They say we're free to be ourselves, free to choose our destiny. But don't you ever wonder, "If I'm so damn free, why do I feel so limited?"

Human beings aren't naturally limited. We've accidentally put ourselves in bondage by using our freedom selfishly. We think we're more free if we use our freedom for selfish purposes: to get what we want/avoid what we don't want - without regard for others or the resulting problems. Wrong!

The truth is, choosing selfishly is not more free, and choosing for love and rightness does not limit us. There are infinite options and possibilities in both, but selfish living hurts and imprisons us.

Here are SIX ways it happens...

1. Getting trapped in smallness. When we obsessively pursue selfish goals and objects of selfish desire, we feel narrowed and small — trapped in a vortex of obsession with what we want. Feeling like a slave to our selfish desires and impulses, we lose touch with our true power and freedom.

2. Getting stuck in selfish habit patterns. When we “freely” pursue what we want, we may keep going even when our actions are hurtful to ourselves and others.

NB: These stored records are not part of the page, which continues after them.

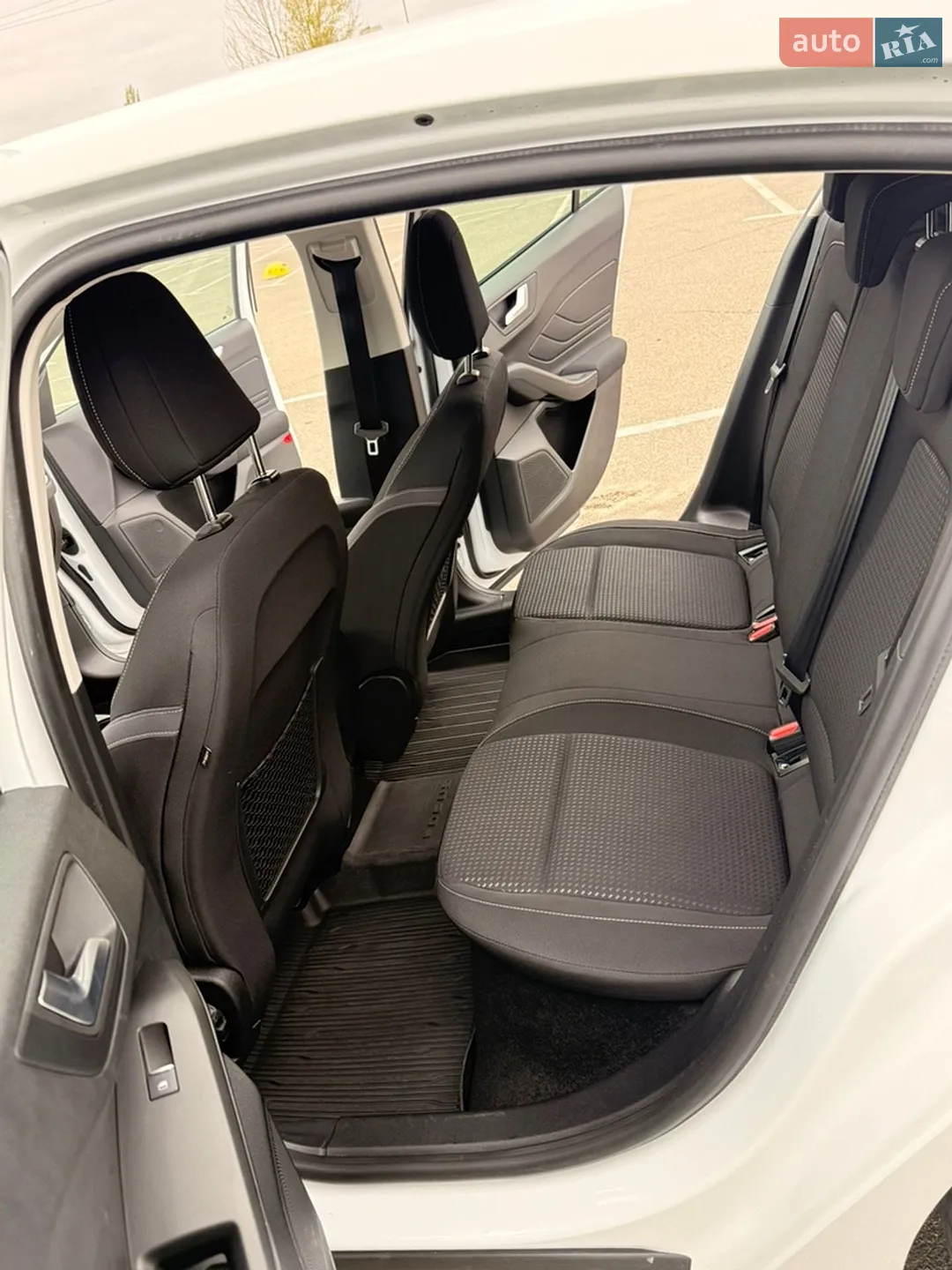 2019 Ford Focus - мініатюра 13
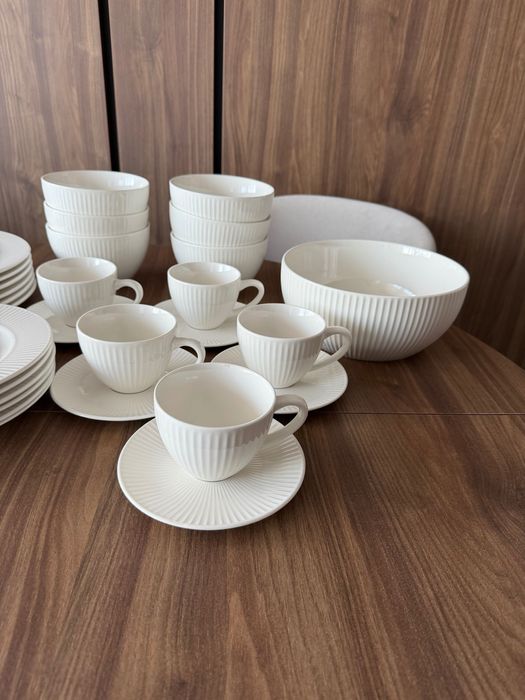 Biała zastawa stołowa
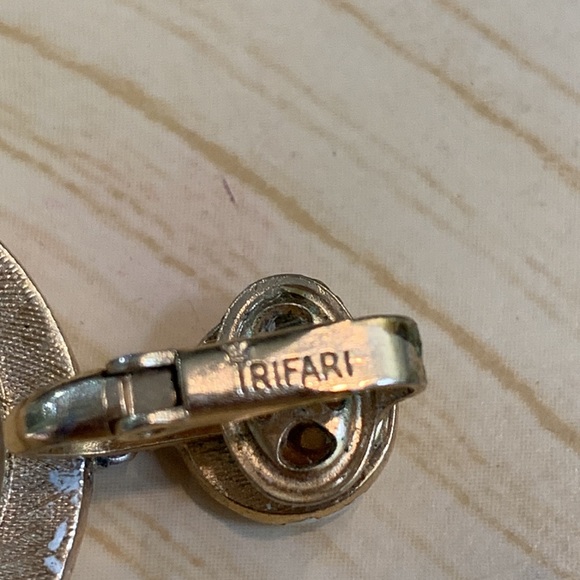 Yellow Trifari Hoop Earrings - Picture 5 of 5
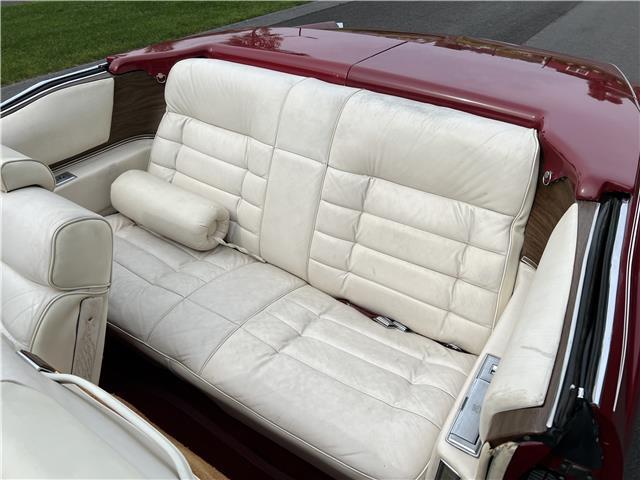 Cadillac-Eldorado-1975-Convertible-28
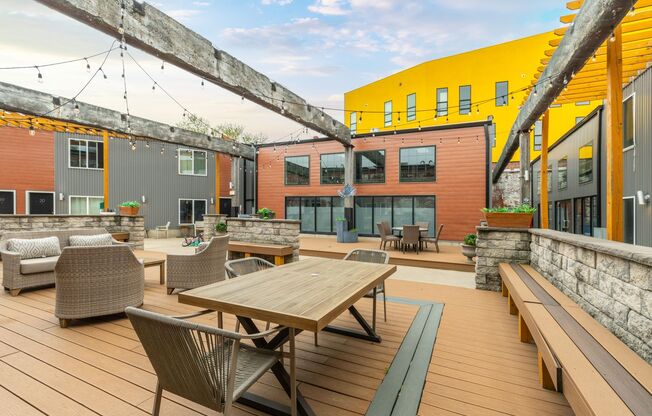 2 beds, 1.5 baths, 884 sqft, $1,675, Unit 10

When we make a bad choice repeatedly, it becomes a bad habit. We stop seeing it as a choice. We feel stuck. Very UNfree! Yet it’s still a choice!

3. Getting stuck in avoidance. When you freely avoid doing what you don’t want, certain muscles atrophy. You get weak. Dysfunction results. And that dysfunction cripples you and restricts your freedom—until you decide to face your challenges and rebuild your muscles.

4. Inability is wish fulfillment for the unwilling. An “easy” way out of higher responsibilities —like love, caring, giving, etc. —is to believe you can’t do it (e.g. I can’t do math. I can’t dance. I can’t do relationship. I can’t love). The result? You gradually “buy” inability, getting smaller and less capable than you truly are.

5. Avoiding responsibility makes us feel powerless. Selfish people are quick to blame others for their ills. “It’s my circumstance, my upbringing, my mate, that makes me this way.” But wait! Displacing responsibility for your life and love disempowers you. Remember, you can’t solve a problem you don’t have.

6. The best, most fulfilling possibilities in life are beyond the reach of selfish people. A selfish person can’t support close intimacy or cooperative alliances with others. So they live in their tiny boxes, alone —deprived of the beautiful experiences love creates, feeling locked out of love.

Real freedom comes from living as your heart would have you live, free from the chains of selfish habits and pursuits.